Assignment:
Would you output the entries below only from the line containing "go to chat with Sweetrose" through the line containing "Recambio de brazo", exactly as they stand and with both ends included?

Working data:

....

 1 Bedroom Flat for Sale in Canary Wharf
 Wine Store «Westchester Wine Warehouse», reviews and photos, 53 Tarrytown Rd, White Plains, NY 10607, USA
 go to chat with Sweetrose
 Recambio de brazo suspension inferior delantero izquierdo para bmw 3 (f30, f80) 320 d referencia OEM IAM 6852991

....

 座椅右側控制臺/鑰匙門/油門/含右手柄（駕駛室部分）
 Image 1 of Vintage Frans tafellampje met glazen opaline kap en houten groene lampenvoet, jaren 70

....

Output:
 go to chat with Sweetrose
 Recambio de brazo suspension inferior delantero izquierdo para bmw 3 (f30, f80) 320 d referencia OEM IAM 6852991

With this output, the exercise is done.